Curry Goat is a combination of goat meat and spices mainly curry seasoning slow cooked until the goat is tender. The curry goat may have originated from the Caribbean or India. The Jamaican curry is marinated overnight and slowed cooked.

Goat is a popular meat of choice for Hindus because they do not eat beef and for Muslims because they do not eat pork, so it is a good medium. This seasoning can be used with beefs, chicken or shrimps. If you follow my blog, you know I love my goat meat because the flavor is quite appealing, cooked properly the meat is succulent tender and rich. I get my goat meat from Restaurant depot but you can purchase goat meat at most African or from Mexican markets and Latin American butchers.

Chunky pieces of goat are slowly simmered in aromatic blend garlic, onions, hot pepper and the start of the sow “curry”. Jamaican adds ginger, thyme and scallion. Indian adds ground cumin, ground turmeric, ground coriander, plain yogurt, fresh cilantro, garam masala, fresh cilantro, and fresh lemon juice. They are all succulent.

Curry Goat can be served with roti cane flatbread, steamed rice, fried plantain. There are many variations on the dish that include using mutton when goat is not available or bulking it out with potatoes, carrot or the vegetable of your choice.

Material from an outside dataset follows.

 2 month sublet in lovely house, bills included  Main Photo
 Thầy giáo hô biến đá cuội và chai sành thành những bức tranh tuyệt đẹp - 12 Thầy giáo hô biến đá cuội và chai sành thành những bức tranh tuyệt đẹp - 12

I use my One-pot slow cooker because I was in a rush. I came back from work and my kids absolutely wanted Curry Goat. I worked out at the end and they love it.

  • 3- 3 1/2 pounds goat meat (cut in chunks)
  • 5 teaspoons minced garlic
  • 1 medium onion sliced
  • 5 Tablespoons Curry powder
  • 1- teaspoon pepper
  • 4 medium potatoes
  • 1 scotch bonnet pepper (optional)
  • 1 tablespoon Bouillon powder (optional)
  • Salt to taste

Mix all the ingredients together except for the potato and scotch bonnet pepper. Refrigerate for 24-48 hours.

Transfer to the one-pot and add 1 cup water and pressure cook for 30 mins.

Add potatoes and adjust seasoning to taste. Add the scotch bonnet pepper. 

Slow cook for 15 or until potatoes are tender.

You may adjust thickness of soup with water or stock.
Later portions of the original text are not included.